As the newly minted plenipotentiary envoy Artyom Zhoga is about to land in a rather special Federal District; in fact, it is the domain of Moscow Mayor Sergey Sobyanin. All the regions of the district, except for the Chelyabinsk Region, are headed by people from the Tyumen city management team. Sobyanin was governor of the Tyumen region before his career took off at the federal level, where he was able to appoint successors to his former post. Former envoy Yakushev belongs to the same group; he could be called a senior comrade among Sobyanin’s governors. Zhoga will have to deal with a group of regional leaders with a super-powerful patron. He will not be able to impose his opinions and vision on this group for fear of igniting a conflict that will not end favourably for him, as Zhoga is an outsider to the group of Russian elites.
The national daily Kommersant quotes its sources that have already stated that one of the aims of Zhoga’s appointment is to prevent a conflict between him and the head of the Donetsk People’s Republic, Denis Pushilin. In the past, conflicts between prominent chairpersons and regional leaders were a common phenomenon: parliamentary speakers were perceived as potential rivals by the governors, appointed by the Kremlin. As a result, chairpersons were often sent into honourable exile to the Federation Council or the State Duma. So far, Zhoga’s new appointement can be seen as a form of such exile. It is likely that his conflicts with Pushilin have already begun: Artyom Zhoga formally nominated Putin to run for a new term and became co-chairman of his official headquarters, which means that he has taken a symbolic place in the political system.

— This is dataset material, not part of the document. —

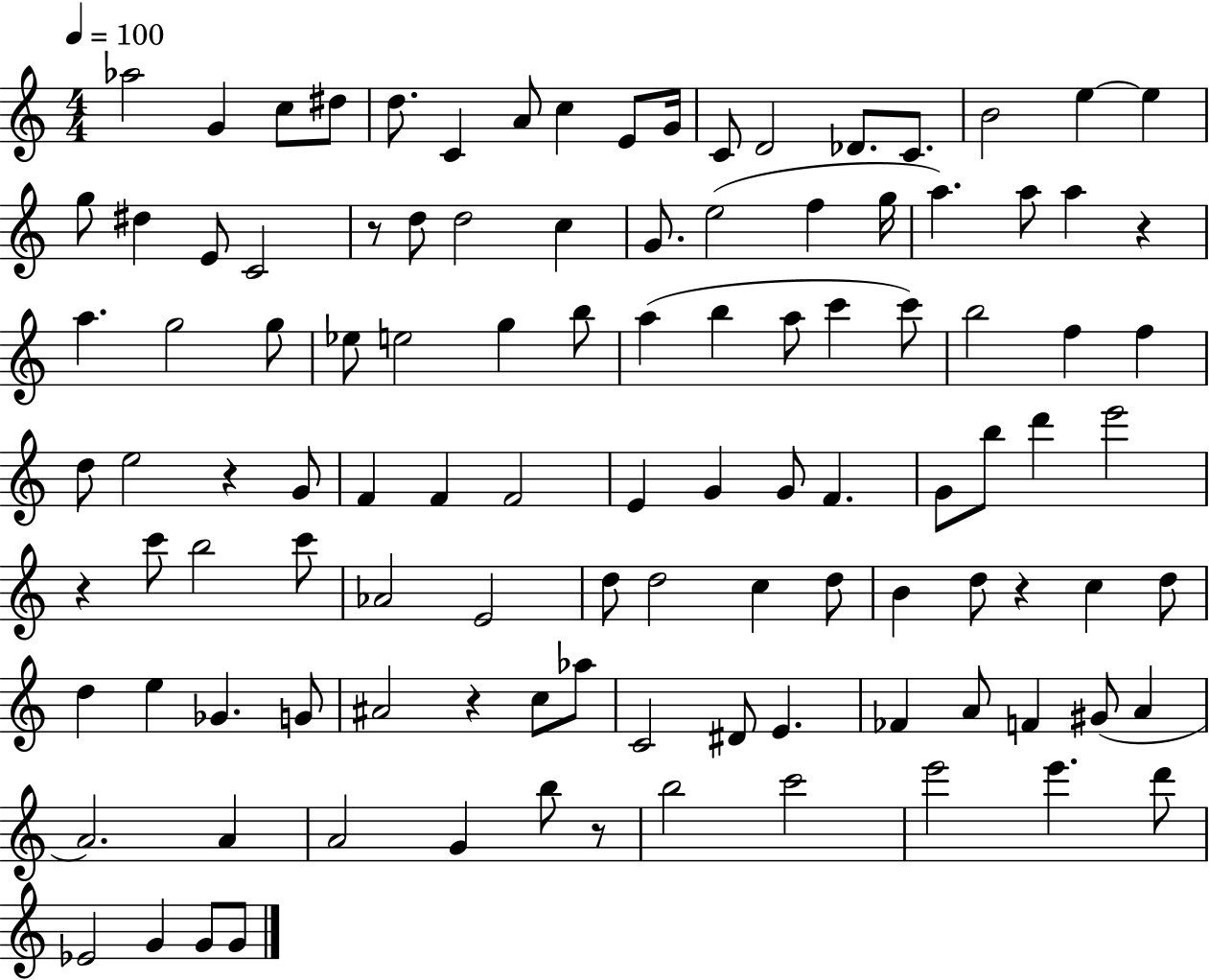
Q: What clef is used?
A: treble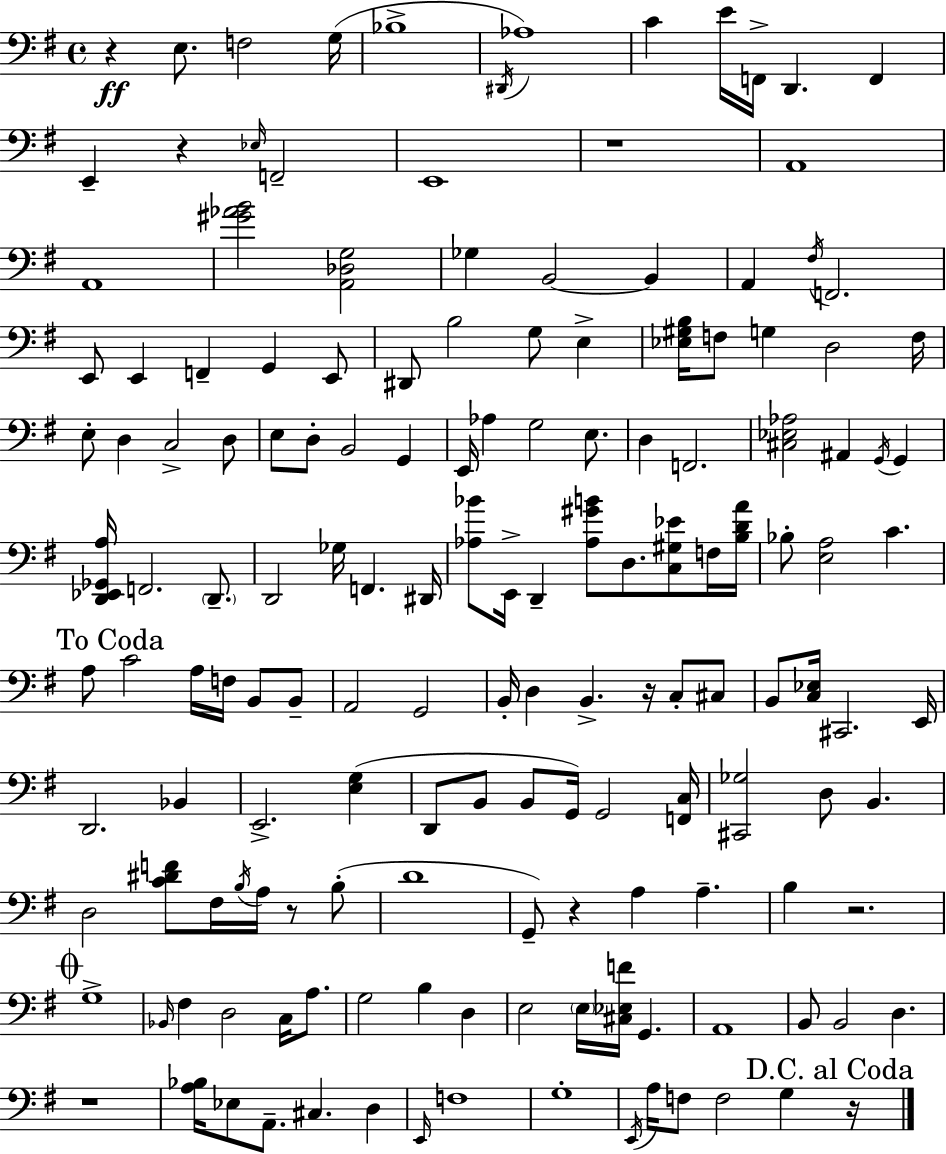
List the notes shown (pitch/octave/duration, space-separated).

R/q E3/e. F3/h G3/s Bb3/w D#2/s Ab3/w C4/q E4/s F2/s D2/q. F2/q E2/q R/q Eb3/s F2/h E2/w R/w A2/w A2/w [G#4,Ab4,B4]/h [A2,Db3,G3]/h Gb3/q B2/h B2/q A2/q F#3/s F2/h. E2/e E2/q F2/q G2/q E2/e D#2/e B3/h G3/e E3/q [Eb3,G#3,B3]/s F3/e G3/q D3/h F3/s E3/e D3/q C3/h D3/e E3/e D3/e B2/h G2/q E2/s Ab3/q G3/h E3/e. D3/q F2/h. [C#3,Eb3,Ab3]/h A#2/q G2/s G2/q [D2,Eb2,Gb2,A3]/s F2/h. D2/e. D2/h Gb3/s F2/q. D#2/s [Ab3,Bb4]/e E2/s D2/q [Ab3,G#4,B4]/e D3/e. [C3,G#3,Eb4]/e F3/s [B3,D4,A4]/s Bb3/e [E3,A3]/h C4/q. A3/e C4/h A3/s F3/s B2/e B2/e A2/h G2/h B2/s D3/q B2/q. R/s C3/e C#3/e B2/e [C3,Eb3]/s C#2/h. E2/s D2/h. Bb2/q E2/h. [E3,G3]/q D2/e B2/e B2/e G2/s G2/h [F2,C3]/s [C#2,Gb3]/h D3/e B2/q. D3/h [C4,D#4,F4]/e F#3/s B3/s A3/s R/e B3/e D4/w G2/e R/q A3/q A3/q. B3/q R/h. G3/w Bb2/s F#3/q D3/h C3/s A3/e. G3/h B3/q D3/q E3/h E3/s [C#3,Eb3,F4]/s G2/q. A2/w B2/e B2/h D3/q. R/w [A3,Bb3]/s Eb3/e A2/e. C#3/q. D3/q E2/s F3/w G3/w E2/s A3/s F3/e F3/h G3/q R/s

Thus, the promotion of the former chairperson of the DPR parliament and the former commander of the local Sparta battalion was the sum total of several factors. First, the political bloc of the presidential administration needs to promote the military as part of its PR project. Secondly, Zhoga was removed from his home region, probably in an attempt to deny him a political future there. The system has given him a position of limited influence as a regional envoy in a Federal District controlled by a group of one of Putin’s most powerful bureaucrats, Sergey Sobyanin. This opportunistic appointment is reminiscent of the promotion of Igor Kholmanskikh, and it is very likely that Zhoga will suffer a similar fate.
Checkists Come to Culture
Strange as it may seem, another appointment that did not make as many headlines as Zhoga’s, and was far more mundane, seems more interesting and revealing. Vladimir Bocharnikov, not the best-known and most public of all PA officials, was appointed head of the Presidential Department for State Humanitarian Policy. Previously, Bocharnikov worked in the Kremlin’s Presidential Civil Service, Personnel and Anti-Corruption Directorate and the Presidential Directorate for Interregional Relations and Cultural Contacts with Foreign Countries. Both departments are usually staffed by people with links to the intelligence services. Putin and his inner circle — all former Chekists and intelligence officers — are not prepared to hand over key personnel and international issues to civilians. Most likely, Bocharnikov is also linked to the security services. Putin created the Department for State Humanitarian Policy back in June, with Vladimir Medinsky, a presidential aide and former culture minister, as its direct supervisor and head.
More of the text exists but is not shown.